What the task asks>
Below are the records; give again exactly the lines from the one containing "güzel genç manken bikini ile güneş gözlüğü" through the one containing "Surpriza din colet: A", leaving out pictures.

Exercise materials>

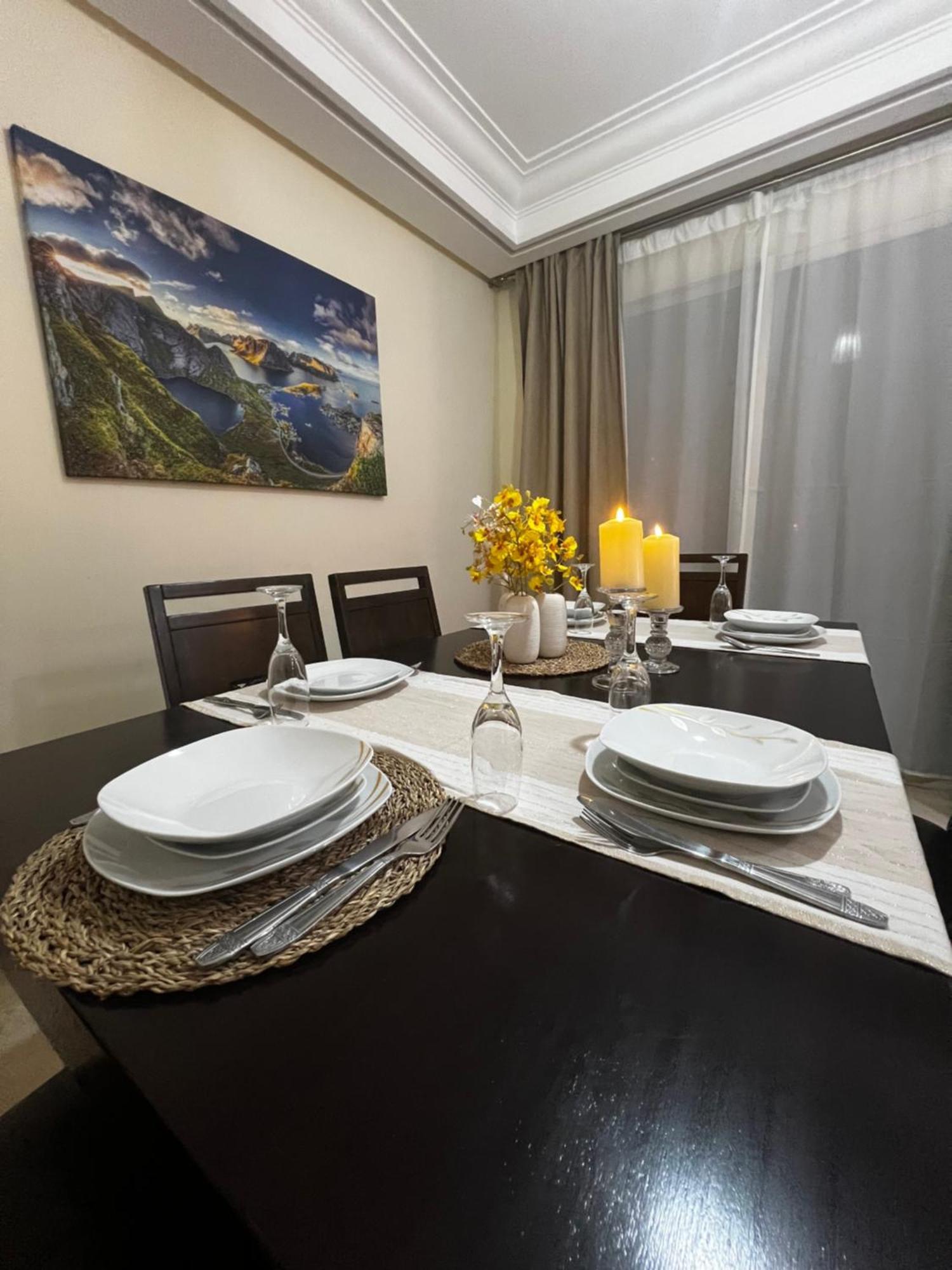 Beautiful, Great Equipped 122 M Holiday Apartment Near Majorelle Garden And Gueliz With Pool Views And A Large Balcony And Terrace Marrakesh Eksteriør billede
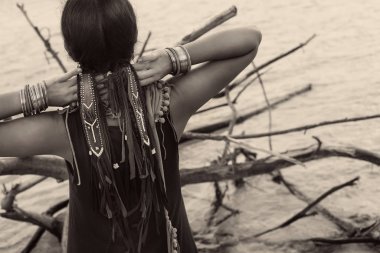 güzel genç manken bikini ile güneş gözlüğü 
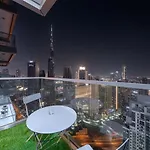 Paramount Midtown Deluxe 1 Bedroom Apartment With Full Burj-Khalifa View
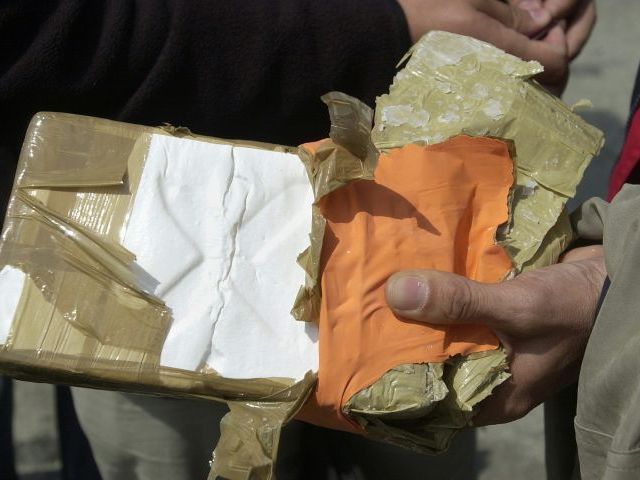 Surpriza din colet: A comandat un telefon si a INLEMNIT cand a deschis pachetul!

---

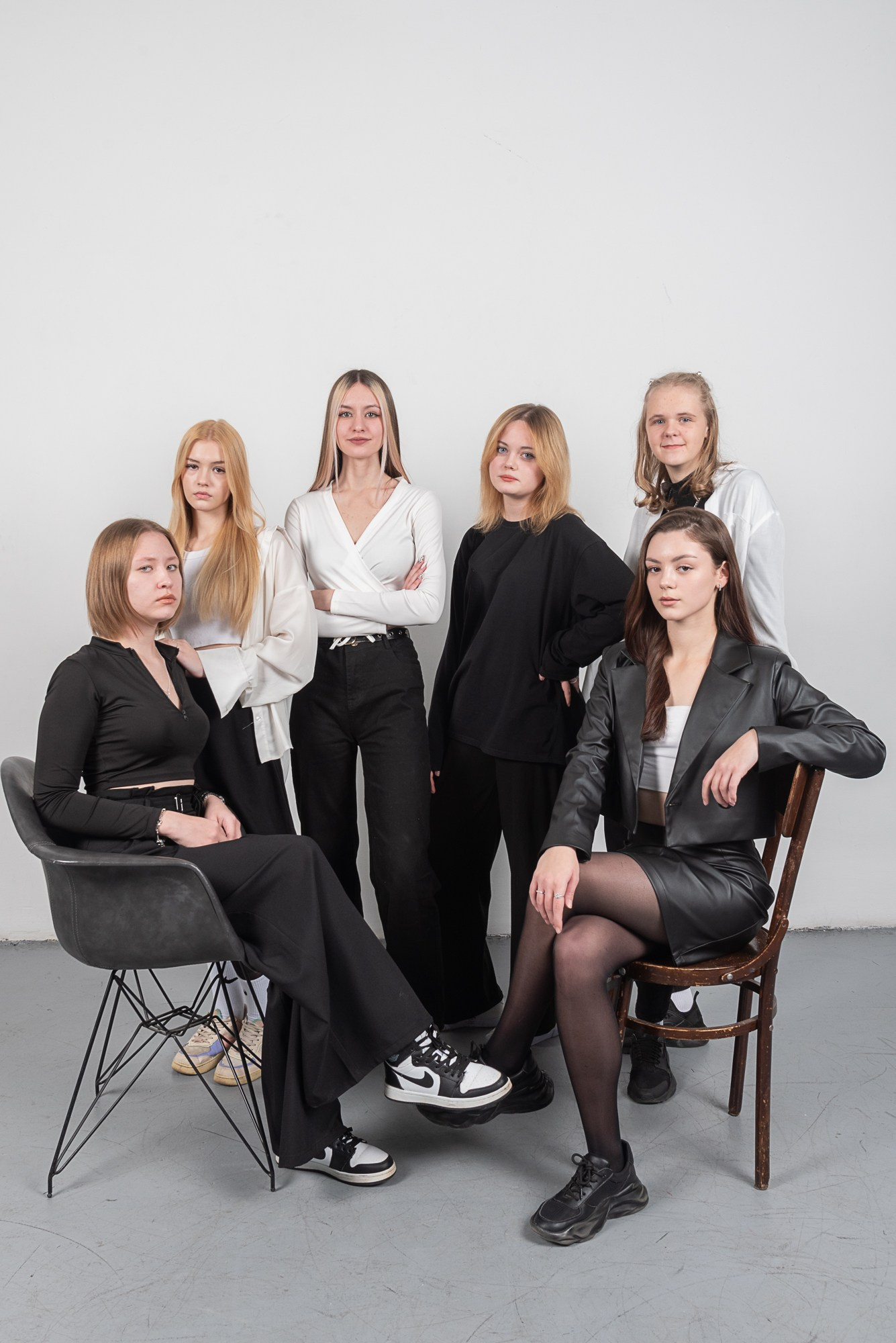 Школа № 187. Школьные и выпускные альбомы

Answer box>
 güzel genç manken bikini ile güneş gözlüğü 
 Paramount Midtown Deluxe 1 Bedroom Apartment With Full Burj-Khalifa View
 Surpriza din colet: A comandat un telefon si a INLEMNIT cand a deschis pachetul!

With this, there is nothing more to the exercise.